As the cost of everything keeps rising, so too do the costs of caring for aging relatives. Where to find the money to pay for in-home care, an assisted living residence, or ultimately the high cost of a nursing home is a constant challenge for many families. One source of funds many people haven't yet considered is a reverse mortgage.

A reverse mortgage is an option for anyone over the age of 62 who owns a house with substantial equity. It's called a reverse mortgage because it is structured "backwards." The bank or mortgage holder makes payments to the homeowner, instead of the homeowner making the payments. The homeowner/borrower can stay in the home without making any payments. When the homeowner dies or moves away from the house, the house is sold and the loan is paid off. Any money remaining after the loan is cleared can go to the original homeowner or the heirs.

If the heirs would like to keep the house, they can either pay off the reverse mortgage or refinance the house themselves.

There are three ways to receive money from a reverse mortgage:

Some borrowers choose to receive a lump sum payment. They can then put this money into an interest-bearing account and draw on it as needed;

Some find that a monthly cash payment works better for their needs. They can choose to receive the same amount every month to cover their expenses, leaving the balance of the available funds with the mortgage holder. This method leaves more funds with the mortgage holder and may reduce the interest and principal that will eventually have to be paid back when the house is sold.

Individuals who don't want to take the entire amount as a lump sum, but who would prefer to have the entire amount always available for emergencies, may choose to set up a line of credit. The available money remains with the lending institution, but is available to be taken in any amount when needed.

Reverse mortgage loans can be more expensive than a traditional mortgage. Origination and other fees, closing costs and interest are often higher than conventional mortgages. Because some programs require the borrower to attend financial counseling before closing, these loans can take longer to close.

Although taking out a reverse mortgage will eliminate the need to make monthly mortgage payments, it is still necessary to pay taxes and insurance premiums, and to maintain the home.
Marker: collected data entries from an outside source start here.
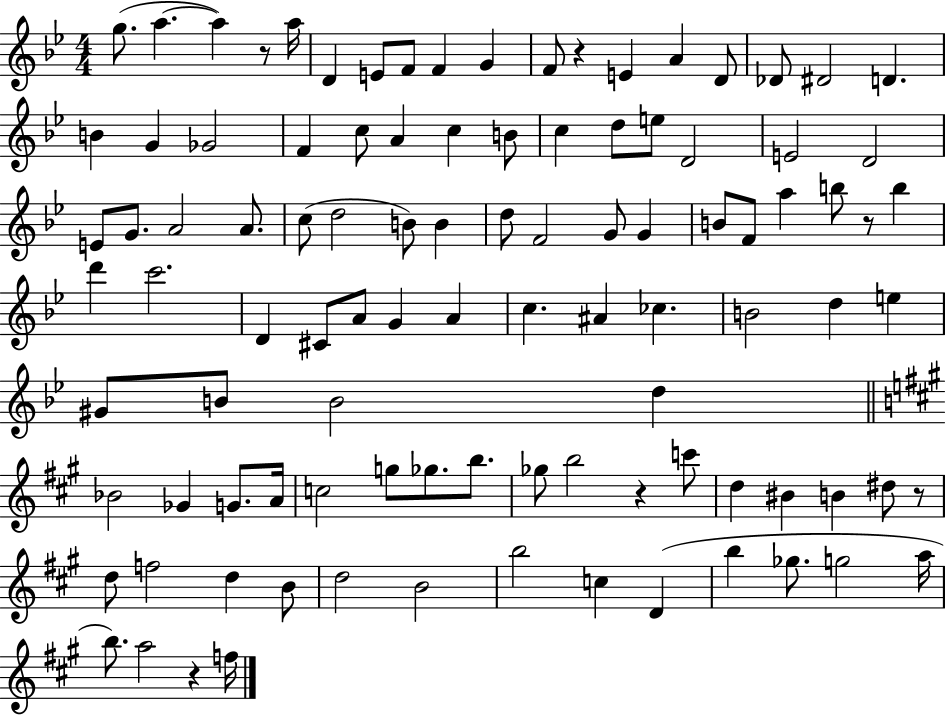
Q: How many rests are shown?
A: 6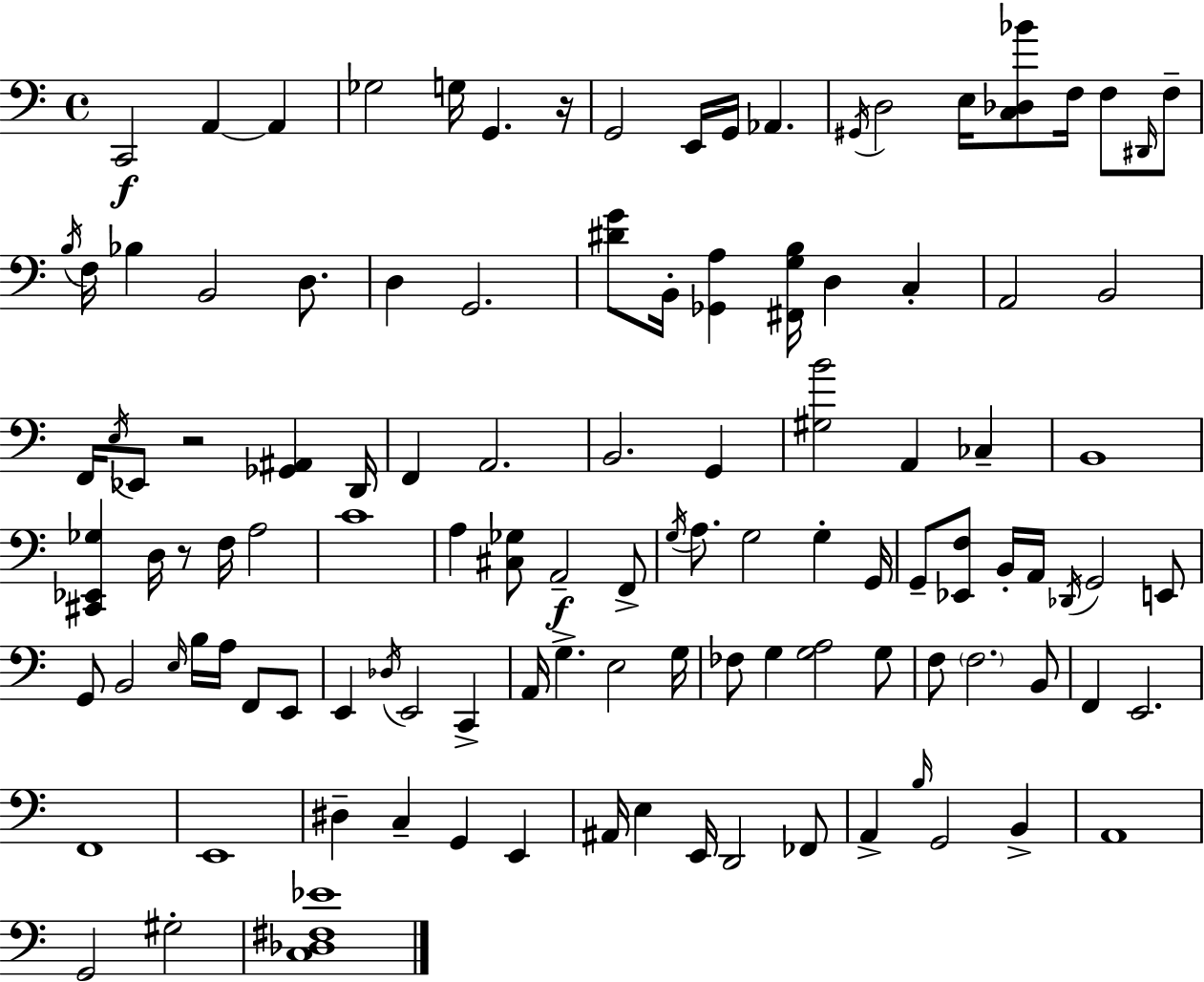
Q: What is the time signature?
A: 4/4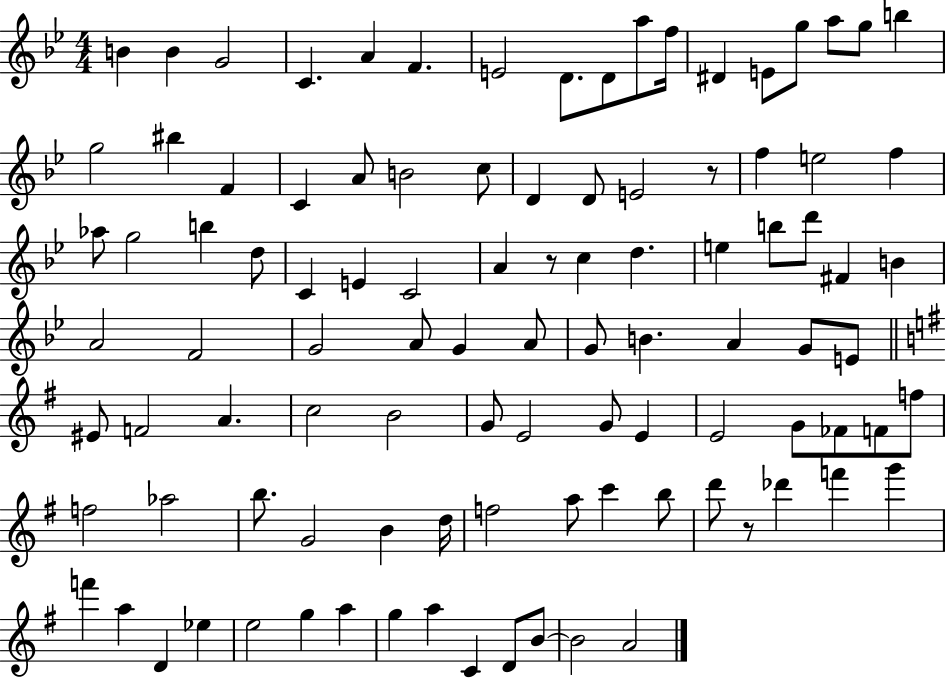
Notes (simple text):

B4/q B4/q G4/h C4/q. A4/q F4/q. E4/h D4/e. D4/e A5/e F5/s D#4/q E4/e G5/e A5/e G5/e B5/q G5/h BIS5/q F4/q C4/q A4/e B4/h C5/e D4/q D4/e E4/h R/e F5/q E5/h F5/q Ab5/e G5/h B5/q D5/e C4/q E4/q C4/h A4/q R/e C5/q D5/q. E5/q B5/e D6/e F#4/q B4/q A4/h F4/h G4/h A4/e G4/q A4/e G4/e B4/q. A4/q G4/e E4/e EIS4/e F4/h A4/q. C5/h B4/h G4/e E4/h G4/e E4/q E4/h G4/e FES4/e F4/e F5/e F5/h Ab5/h B5/e. G4/h B4/q D5/s F5/h A5/e C6/q B5/e D6/e R/e Db6/q F6/q G6/q F6/q A5/q D4/q Eb5/q E5/h G5/q A5/q G5/q A5/q C4/q D4/e B4/e B4/h A4/h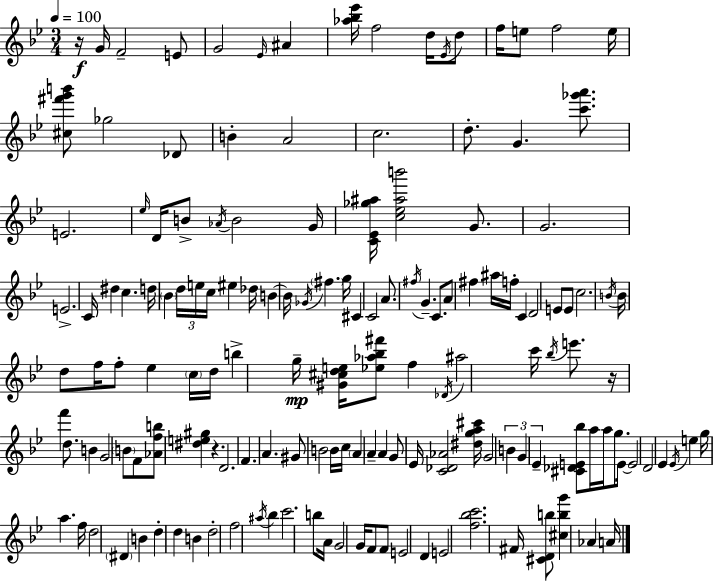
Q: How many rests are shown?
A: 3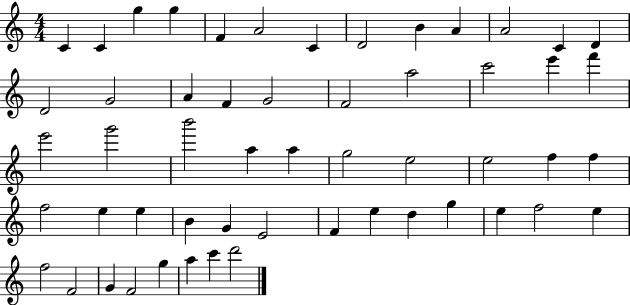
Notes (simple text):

C4/q C4/q G5/q G5/q F4/q A4/h C4/q D4/h B4/q A4/q A4/h C4/q D4/q D4/h G4/h A4/q F4/q G4/h F4/h A5/h C6/h E6/q F6/q E6/h G6/h B6/h A5/q A5/q G5/h E5/h E5/h F5/q F5/q F5/h E5/q E5/q B4/q G4/q E4/h F4/q E5/q D5/q G5/q E5/q F5/h E5/q F5/h F4/h G4/q F4/h G5/q A5/q C6/q D6/h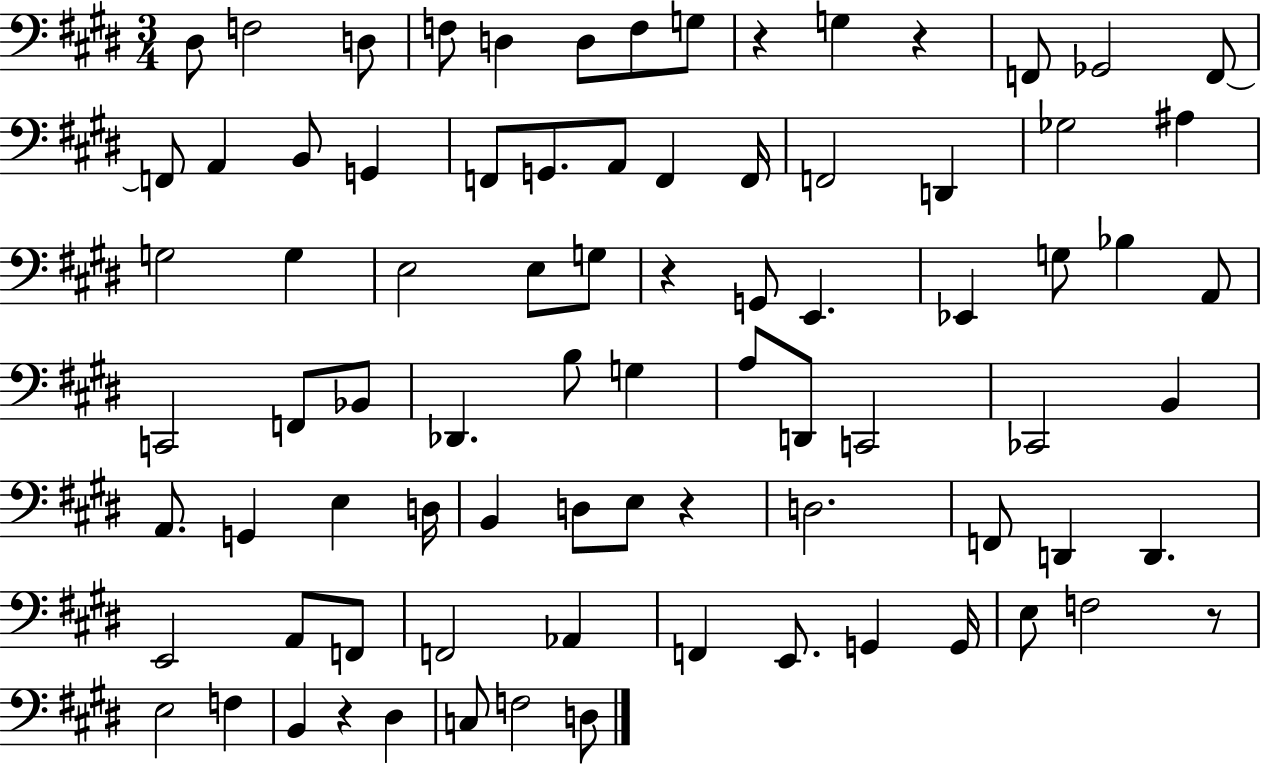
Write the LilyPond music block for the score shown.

{
  \clef bass
  \numericTimeSignature
  \time 3/4
  \key e \major
  \repeat volta 2 { dis8 f2 d8 | f8 d4 d8 f8 g8 | r4 g4 r4 | f,8 ges,2 f,8~~ | \break f,8 a,4 b,8 g,4 | f,8 g,8. a,8 f,4 f,16 | f,2 d,4 | ges2 ais4 | \break g2 g4 | e2 e8 g8 | r4 g,8 e,4. | ees,4 g8 bes4 a,8 | \break c,2 f,8 bes,8 | des,4. b8 g4 | a8 d,8 c,2 | ces,2 b,4 | \break a,8. g,4 e4 d16 | b,4 d8 e8 r4 | d2. | f,8 d,4 d,4. | \break e,2 a,8 f,8 | f,2 aes,4 | f,4 e,8. g,4 g,16 | e8 f2 r8 | \break e2 f4 | b,4 r4 dis4 | c8 f2 d8 | } \bar "|."
}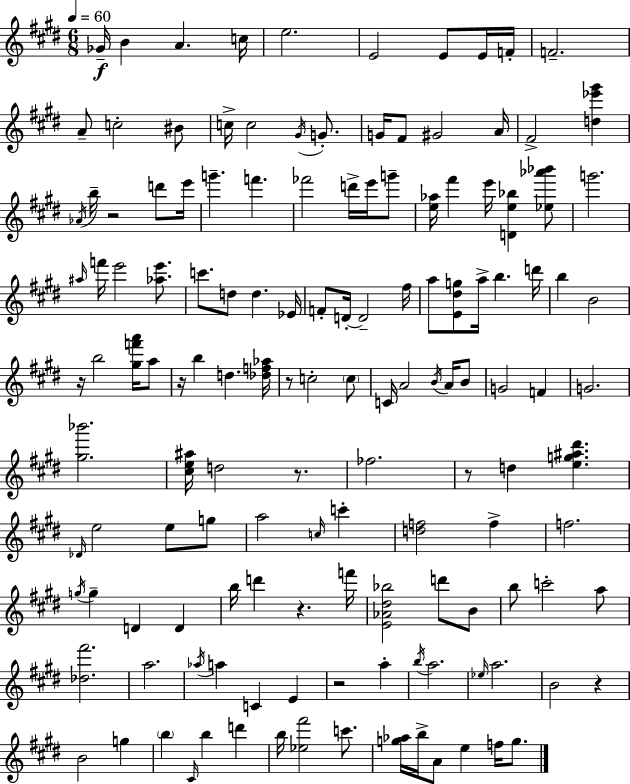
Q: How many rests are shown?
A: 9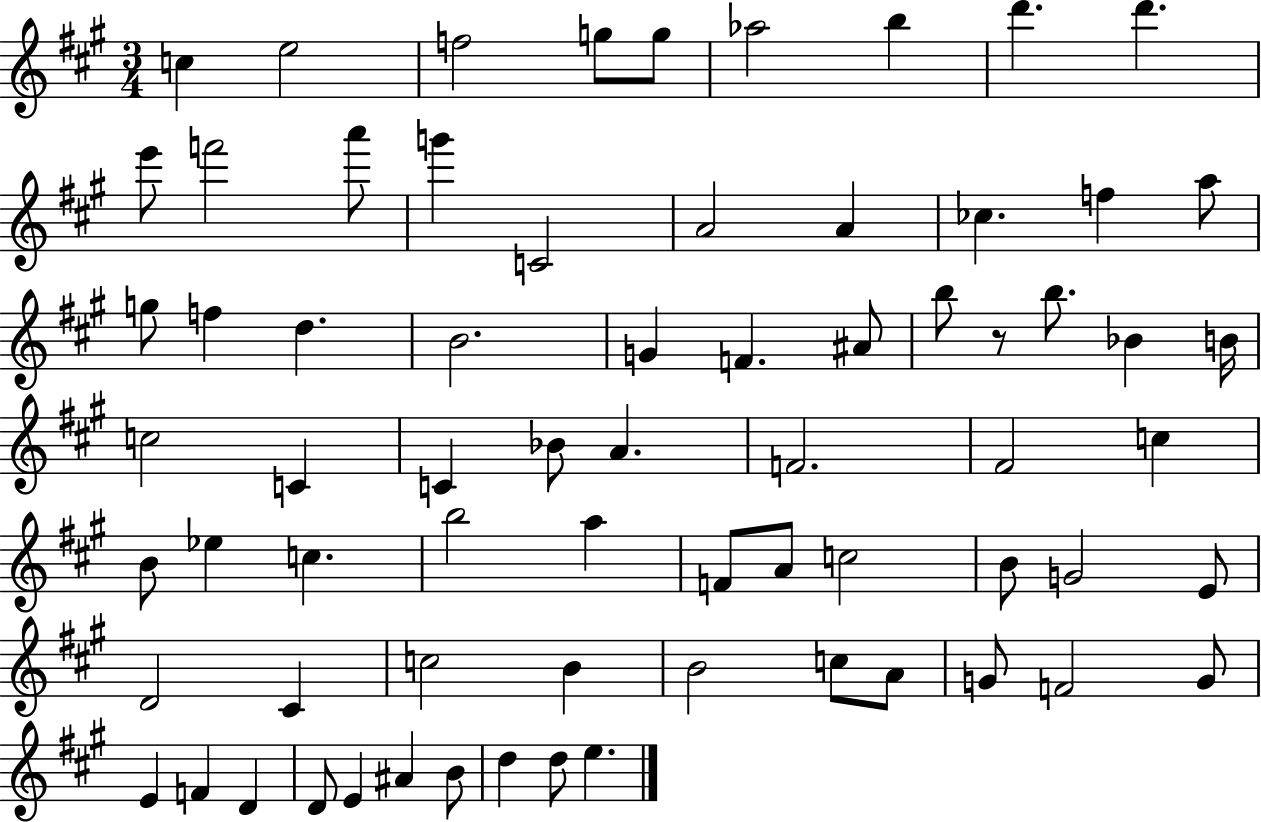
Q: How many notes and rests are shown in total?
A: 70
If the homeowner fails to do these things the bank can "call" the mortgage or reduce the amount of money available so these expenses can be paid directly.

Reverse mortgages are a good way to take operating funds out of a house while still being able to live in it. They are also complex, they can be costly, and they will reduce the amount a homeowner will leave for heirs. For these reasons it is important to discuss this option with family members and to get advice from financial advisors before moving forward.